First, we need to understand two questions:

  1. Why multithreading?
  2. What are the application scenarios of multithreading?

Why does It use multithreading?

Using multithreading is essentially about improving program performance. So what are the performance metrics?

  1. Latency: Latency is the time between sending a request and receiving a response. The shorter the latency, the faster the program executes and the better its performance.
  2. Throughput: Throughput refers to the number of requests that can be processed per unit of time. Higher throughput means that the program can handle more requests and better performance.

By improved performance, we mean lower latency and higher throughput. To do this, you need to understand multithreading scenarios.

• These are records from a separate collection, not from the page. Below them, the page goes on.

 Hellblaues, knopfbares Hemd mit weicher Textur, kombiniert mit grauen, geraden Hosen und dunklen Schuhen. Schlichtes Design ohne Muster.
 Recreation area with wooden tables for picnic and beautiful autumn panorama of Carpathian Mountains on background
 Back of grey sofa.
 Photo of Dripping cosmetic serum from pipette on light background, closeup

Application scenarios of Multithreading

In the world of concurrent programming, improving performance is essentially improving hardware utilization, which translates to improving I/O and CPU utilization. Operating system to solve the problem of hardware utilization is often a single hardware device, and concurrent programs often need CPU and I/O devices to work together, so we need to consider the overall utilization of CPU and I/O devices.

Let’s look at how multithreading can improve CPU and I/O utilization. Assume that the program is run as a CPU calculation and I/O operation are executed alternately, and that the CPU calculation and I/O operation take 1:1 time.

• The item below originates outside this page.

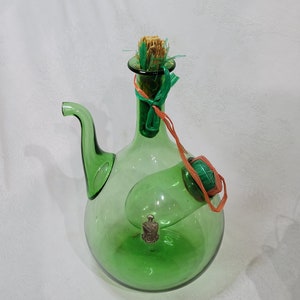 Vintage green wine bottle with ice caddy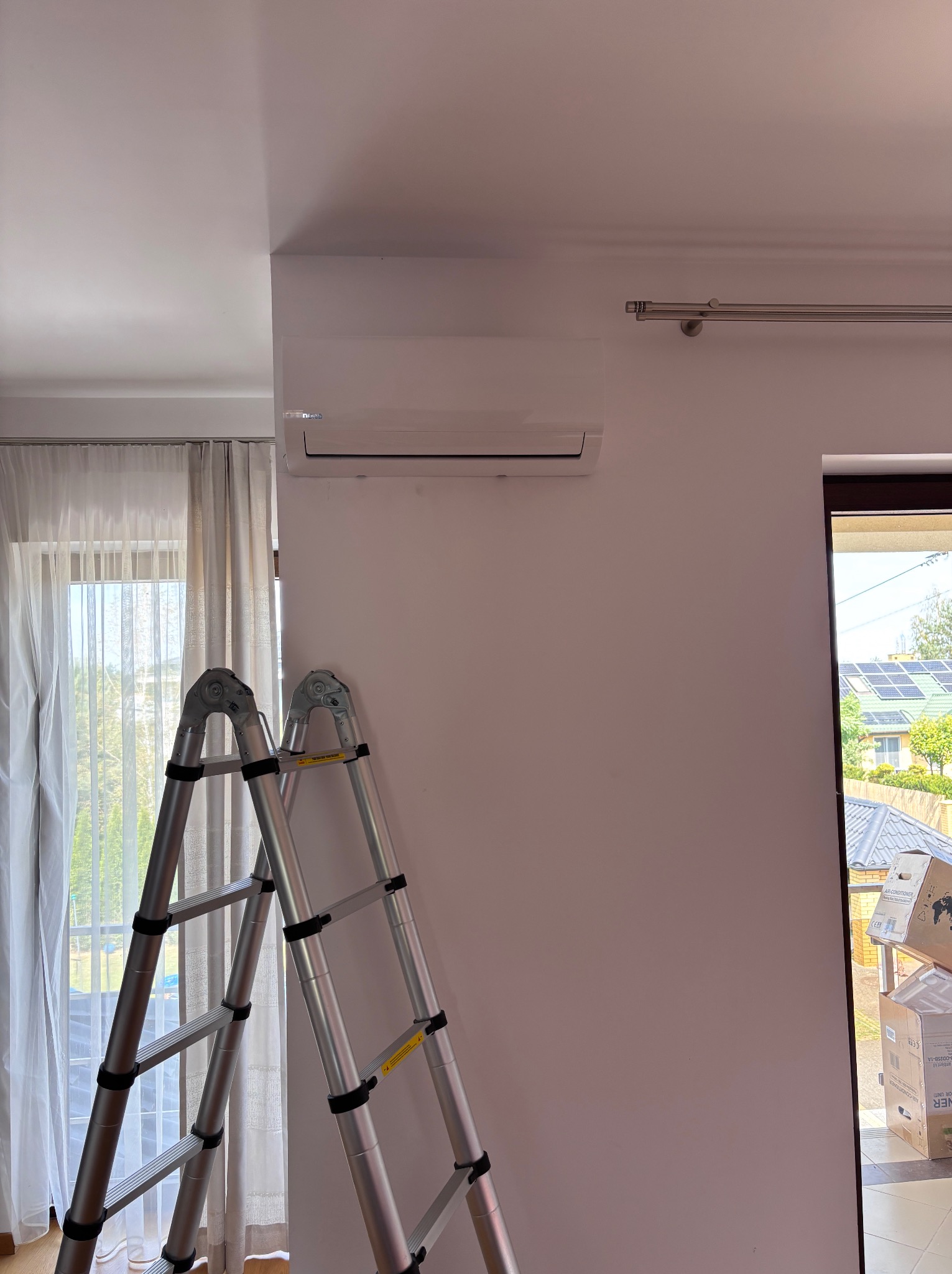 Biały klimatyzator na ścianie w pomieszczeniu, drabina aluminiowa oparta o ścianę, kartony z klimatyzacją przy drzwiach. Widok na dom z panelami słonecznymi.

As shown in the figure, when there is only one thread performing CPU calculations, the I/O device is idle. The CPU is idle during I/O operations. Procedure So they’re both 50% utilization.



If another thread is added, as shown in the figure, when thread A performs CPU calculation, thread B performs I/O operations. When thread B performs CPU calculations, thread A performs I/O operations. This achieves 100% UTILIZATION of CPU and I/O devices.

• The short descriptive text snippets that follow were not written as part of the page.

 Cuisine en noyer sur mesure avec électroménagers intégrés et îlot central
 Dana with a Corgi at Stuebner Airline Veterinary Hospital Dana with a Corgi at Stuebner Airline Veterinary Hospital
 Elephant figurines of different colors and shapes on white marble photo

We just increased both CPU and I/O device utilization to 100% and doubled the number of requests per unit time, which means throughput doubled. Think about it the other way around:If CPU and I/O device utilization is low, you can try to increase throughput by adding threads.

In the era of single-core CPUS, multithreading was mainly about balancing cpus and I/O devices. If the program only has CPU computation and no I/O operations, multithreading will not improve performance but decrease it, because multithreading increases the cost of thread switching. However, in the multicore era, this purely computational scenario can improve performance by using multiple threads, because multiple cores reduce response times.

For example: calculate 1+2+… +10 billion, if executed with A 4-core CPU program, A computations (125 billion), B computations (2.5 billion, 5 billion), C computations (5 billion, 7.5 billion), D computations (7.5 billion, 10 billion), and finally summed up. This would theoretically be about four times faster than a single thread calculation [110 billion], reducing the response time to 25%. One thread, for a 4-core CPU, is only 25% utilization, while four threads can increase CPU utilization to 100%.

                 

How many threads does It create?

How many threads are appropriate depends on the context in which multithreading is used. There are two general cases:

  1. I/O intensive
  2. cpu-intensive

The method of calculating the optimal number of threads is different for I/O intensive and CPU intensive programs. Let’s break it down.

♠ CPU intensive

For CPU-intensive computing, multi-threading essentially improves CPU utilization. Therefore, for a 4-core CPU, each core has one thread. Theoretically, it is ok to create 4 threads, and creating more threads will only increase thread switching costs. Therefore, for CPU-intensive computing scenarios, “number of threads = number of CPU cores” is ideally appropriate. In practice, however, the number of threads is usually set to “CPU cores + 1”, so that if the thread is blocked due to the occasional memory page failure or other reasons, the extra thread can take over, thus ensuring CPU utilization.

♠ I/O intensive

For I/O intensive computing scenarios, such as the previous example, if the CPU computation and I/O operation time is 1:1, then two threads is most appropriate. If the CPU computation and I/O operation takes 1:2, how many threads are appropriate? There are three threads, as shown in the figure: THE CPU switches between threads A, B, and C. For thread A, when the CPU switches back from threads B and C, thread A just completes the I/O operation. This achieves 100% utilization of both the CPU and I/O devices.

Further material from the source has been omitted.